Before we can begin to compare the styles and technique of the two sword arts, an understanding of the morphology of the two swords is necessary.

long sword diagramKatana anatomy

There are obvious differences between the Katana and the Long Sword. The most notable being the shape, length, guard, and edge placement. The long straight blade of the long sword contrasts greatly with the gentle curve of the Katana which is often 45 inches or less overall. The guard of the long sword serves a tactical function during binding (tai-attari) and half-swording while the guard of the Katana served to balance the sword and to keep the hands from sliding up onto the blade. It was mainly defensive in nature as the shorter arc of the curved blade makes binding more dangerous than with a longer straight blade. A common misconception among those who are not familiar with the katana is that it is a single edged sword. While this is true of some iterations of the design, the most commonly seen blades used in Japanese sword arts have two cutting edges the Ha and the short edge of the Kissaki as defined by the presence of a yokote. Many ryu ha draw a distinct difference between the use of the Kissaki and the Ha and their application. This is analogous to the idea of the long and short edge in the European tradition and the difference in the application of the two edges. Both swords were primarily used in two hands but could easily be used in one hand and have specific techniques associated with single hand use.
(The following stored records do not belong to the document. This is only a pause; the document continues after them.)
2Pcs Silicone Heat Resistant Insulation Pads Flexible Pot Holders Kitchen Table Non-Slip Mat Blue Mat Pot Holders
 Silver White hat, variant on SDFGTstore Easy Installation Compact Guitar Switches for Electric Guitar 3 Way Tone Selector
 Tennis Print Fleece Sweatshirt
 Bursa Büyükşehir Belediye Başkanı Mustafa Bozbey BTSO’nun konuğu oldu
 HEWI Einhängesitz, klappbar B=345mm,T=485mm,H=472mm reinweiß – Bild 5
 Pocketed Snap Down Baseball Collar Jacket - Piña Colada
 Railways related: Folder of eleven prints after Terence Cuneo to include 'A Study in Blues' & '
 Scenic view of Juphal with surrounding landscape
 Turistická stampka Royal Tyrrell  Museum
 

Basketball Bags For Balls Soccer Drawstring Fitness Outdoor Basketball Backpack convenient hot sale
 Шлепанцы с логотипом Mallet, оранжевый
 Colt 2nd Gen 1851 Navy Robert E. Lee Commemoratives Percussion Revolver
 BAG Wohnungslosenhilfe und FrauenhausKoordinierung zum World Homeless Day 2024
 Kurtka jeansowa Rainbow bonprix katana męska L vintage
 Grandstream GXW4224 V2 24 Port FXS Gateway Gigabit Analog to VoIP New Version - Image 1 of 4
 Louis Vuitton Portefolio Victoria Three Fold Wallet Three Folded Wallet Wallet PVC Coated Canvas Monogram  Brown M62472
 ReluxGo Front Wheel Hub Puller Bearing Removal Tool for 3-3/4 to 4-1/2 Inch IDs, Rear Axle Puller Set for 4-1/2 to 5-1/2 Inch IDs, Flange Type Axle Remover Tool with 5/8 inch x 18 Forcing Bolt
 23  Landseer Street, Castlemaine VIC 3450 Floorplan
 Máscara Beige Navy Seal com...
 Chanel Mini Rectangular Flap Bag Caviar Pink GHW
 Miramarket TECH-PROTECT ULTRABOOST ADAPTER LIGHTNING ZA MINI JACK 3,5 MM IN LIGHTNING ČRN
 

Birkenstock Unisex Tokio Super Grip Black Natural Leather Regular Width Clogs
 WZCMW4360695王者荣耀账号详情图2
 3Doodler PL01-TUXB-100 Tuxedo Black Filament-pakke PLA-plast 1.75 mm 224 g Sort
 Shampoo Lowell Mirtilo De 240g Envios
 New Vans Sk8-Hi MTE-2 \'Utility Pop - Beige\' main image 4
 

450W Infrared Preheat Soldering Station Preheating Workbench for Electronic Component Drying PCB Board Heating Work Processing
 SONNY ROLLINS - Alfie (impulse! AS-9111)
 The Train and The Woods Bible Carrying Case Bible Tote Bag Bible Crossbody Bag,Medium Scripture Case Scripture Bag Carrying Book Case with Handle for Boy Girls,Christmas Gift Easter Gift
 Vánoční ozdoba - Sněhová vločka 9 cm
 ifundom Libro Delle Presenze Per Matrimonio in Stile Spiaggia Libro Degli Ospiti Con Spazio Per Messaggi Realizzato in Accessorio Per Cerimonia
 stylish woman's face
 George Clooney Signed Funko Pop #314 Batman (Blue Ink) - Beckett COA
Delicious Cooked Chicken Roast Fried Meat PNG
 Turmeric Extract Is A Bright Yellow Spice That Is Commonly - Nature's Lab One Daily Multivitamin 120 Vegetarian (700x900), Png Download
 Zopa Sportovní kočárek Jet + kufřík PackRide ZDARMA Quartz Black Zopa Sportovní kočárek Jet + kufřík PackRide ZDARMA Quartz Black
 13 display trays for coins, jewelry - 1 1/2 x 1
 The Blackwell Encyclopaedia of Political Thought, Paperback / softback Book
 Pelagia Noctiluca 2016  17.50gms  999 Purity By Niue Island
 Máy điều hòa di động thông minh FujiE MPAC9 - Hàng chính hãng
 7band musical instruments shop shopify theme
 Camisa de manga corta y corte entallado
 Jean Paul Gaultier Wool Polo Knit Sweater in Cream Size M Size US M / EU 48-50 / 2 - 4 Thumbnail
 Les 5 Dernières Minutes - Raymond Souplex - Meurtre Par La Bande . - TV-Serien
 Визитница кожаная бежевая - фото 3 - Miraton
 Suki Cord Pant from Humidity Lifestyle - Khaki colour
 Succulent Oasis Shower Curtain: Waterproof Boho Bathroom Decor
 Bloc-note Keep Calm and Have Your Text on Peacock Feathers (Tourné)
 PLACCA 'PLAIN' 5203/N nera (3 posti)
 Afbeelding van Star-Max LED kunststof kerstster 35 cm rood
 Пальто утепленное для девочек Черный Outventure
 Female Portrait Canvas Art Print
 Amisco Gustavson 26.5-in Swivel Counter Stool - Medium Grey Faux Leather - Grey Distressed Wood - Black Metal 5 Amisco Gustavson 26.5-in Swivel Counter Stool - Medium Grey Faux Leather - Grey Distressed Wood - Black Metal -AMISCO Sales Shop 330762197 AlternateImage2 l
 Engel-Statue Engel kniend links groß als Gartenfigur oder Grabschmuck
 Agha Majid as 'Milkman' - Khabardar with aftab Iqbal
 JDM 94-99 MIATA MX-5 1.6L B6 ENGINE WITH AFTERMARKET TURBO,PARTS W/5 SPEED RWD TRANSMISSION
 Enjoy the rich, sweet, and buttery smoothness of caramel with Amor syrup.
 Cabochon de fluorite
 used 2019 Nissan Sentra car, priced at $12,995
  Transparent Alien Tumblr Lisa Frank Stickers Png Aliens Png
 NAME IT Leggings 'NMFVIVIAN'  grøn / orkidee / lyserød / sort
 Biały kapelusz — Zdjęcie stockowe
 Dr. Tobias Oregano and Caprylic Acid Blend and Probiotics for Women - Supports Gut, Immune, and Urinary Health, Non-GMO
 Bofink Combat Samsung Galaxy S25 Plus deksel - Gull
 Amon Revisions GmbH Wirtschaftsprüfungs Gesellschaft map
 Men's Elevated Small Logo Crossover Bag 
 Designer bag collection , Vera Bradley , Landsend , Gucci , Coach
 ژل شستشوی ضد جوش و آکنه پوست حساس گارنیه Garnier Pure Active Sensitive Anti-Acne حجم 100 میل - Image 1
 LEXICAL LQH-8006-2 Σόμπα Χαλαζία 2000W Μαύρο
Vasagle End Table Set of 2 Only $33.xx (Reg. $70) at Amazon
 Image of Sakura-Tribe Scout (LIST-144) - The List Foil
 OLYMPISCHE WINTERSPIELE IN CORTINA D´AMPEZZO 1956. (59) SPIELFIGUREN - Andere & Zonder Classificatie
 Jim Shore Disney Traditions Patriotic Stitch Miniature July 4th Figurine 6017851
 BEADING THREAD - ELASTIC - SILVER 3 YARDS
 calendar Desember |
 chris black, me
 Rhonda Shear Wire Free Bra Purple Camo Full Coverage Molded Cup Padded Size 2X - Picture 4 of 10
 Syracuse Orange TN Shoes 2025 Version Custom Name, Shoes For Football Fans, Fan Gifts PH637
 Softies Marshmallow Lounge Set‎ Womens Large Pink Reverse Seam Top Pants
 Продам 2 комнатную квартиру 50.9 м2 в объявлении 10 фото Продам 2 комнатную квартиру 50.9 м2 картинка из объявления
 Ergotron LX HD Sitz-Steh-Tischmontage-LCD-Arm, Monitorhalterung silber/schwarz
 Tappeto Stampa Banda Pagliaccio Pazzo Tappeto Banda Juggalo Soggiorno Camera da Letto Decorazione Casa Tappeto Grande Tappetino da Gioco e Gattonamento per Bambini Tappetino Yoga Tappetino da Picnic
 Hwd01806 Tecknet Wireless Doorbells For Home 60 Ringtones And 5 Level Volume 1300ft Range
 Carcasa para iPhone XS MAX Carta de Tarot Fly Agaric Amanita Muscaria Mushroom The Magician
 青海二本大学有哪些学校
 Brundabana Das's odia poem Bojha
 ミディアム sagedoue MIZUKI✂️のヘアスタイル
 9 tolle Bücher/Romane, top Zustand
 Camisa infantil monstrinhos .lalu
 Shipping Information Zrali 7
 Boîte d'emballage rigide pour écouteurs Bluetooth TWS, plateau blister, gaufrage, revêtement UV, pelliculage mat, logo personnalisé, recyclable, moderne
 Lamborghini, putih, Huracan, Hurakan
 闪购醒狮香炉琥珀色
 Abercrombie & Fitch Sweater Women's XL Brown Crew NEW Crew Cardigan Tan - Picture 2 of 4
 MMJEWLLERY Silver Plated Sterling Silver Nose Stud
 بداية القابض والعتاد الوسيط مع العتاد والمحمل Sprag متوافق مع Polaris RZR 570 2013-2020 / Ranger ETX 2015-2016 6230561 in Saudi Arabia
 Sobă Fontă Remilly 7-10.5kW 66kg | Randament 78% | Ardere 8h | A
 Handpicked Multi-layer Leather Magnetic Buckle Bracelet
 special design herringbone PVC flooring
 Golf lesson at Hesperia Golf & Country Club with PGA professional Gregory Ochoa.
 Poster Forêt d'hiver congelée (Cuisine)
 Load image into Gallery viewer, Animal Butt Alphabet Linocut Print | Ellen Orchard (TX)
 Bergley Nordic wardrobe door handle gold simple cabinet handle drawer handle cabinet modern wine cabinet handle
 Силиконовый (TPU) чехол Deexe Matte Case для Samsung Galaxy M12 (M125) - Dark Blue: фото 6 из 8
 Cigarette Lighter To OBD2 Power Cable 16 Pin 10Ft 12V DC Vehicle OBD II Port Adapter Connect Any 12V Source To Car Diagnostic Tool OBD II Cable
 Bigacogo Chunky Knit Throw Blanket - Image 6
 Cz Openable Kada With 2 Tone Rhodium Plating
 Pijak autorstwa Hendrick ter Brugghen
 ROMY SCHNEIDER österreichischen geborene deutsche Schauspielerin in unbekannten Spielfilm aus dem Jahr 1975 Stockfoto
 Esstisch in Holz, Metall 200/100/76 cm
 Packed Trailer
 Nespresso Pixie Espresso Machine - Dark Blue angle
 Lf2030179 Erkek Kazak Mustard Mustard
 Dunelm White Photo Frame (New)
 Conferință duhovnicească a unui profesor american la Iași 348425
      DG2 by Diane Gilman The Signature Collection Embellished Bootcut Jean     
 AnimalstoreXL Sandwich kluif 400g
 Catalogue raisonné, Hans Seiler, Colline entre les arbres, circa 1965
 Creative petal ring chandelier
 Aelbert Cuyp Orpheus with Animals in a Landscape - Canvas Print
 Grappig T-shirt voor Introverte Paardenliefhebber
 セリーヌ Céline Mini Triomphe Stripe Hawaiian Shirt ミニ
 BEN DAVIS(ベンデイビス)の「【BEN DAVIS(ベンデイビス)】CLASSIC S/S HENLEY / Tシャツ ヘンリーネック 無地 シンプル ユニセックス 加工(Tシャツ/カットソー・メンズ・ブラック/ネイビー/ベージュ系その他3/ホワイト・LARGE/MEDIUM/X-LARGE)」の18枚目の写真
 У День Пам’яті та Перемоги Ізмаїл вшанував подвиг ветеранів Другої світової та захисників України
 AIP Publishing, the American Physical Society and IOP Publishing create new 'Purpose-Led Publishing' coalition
The steel that was used in both blades was of the highest possible quality. It is commonly believed that the steel used in Japan was of a much higher quality than was available in Europe.  The reality is that by this period in history the knowledge gap that had given the east a comfortable lead in the technologies of metallurgy and steel craft had been closed for some time.  Good steel was hard to come by in large quantities in japan and this shortage was instrumental in the creation of what would come to be one of the most famous styles of sword ever.  A recent polishing and examination of German sword and spear blades, Katana No Kantei, by a renowned Japanese sword polisher and appraiser seemed to show that while heavily damaged by improper storage and attempts at restoration, the steel was of remarkably high quality as reported by Stefan Maeder of Kokugakuin University.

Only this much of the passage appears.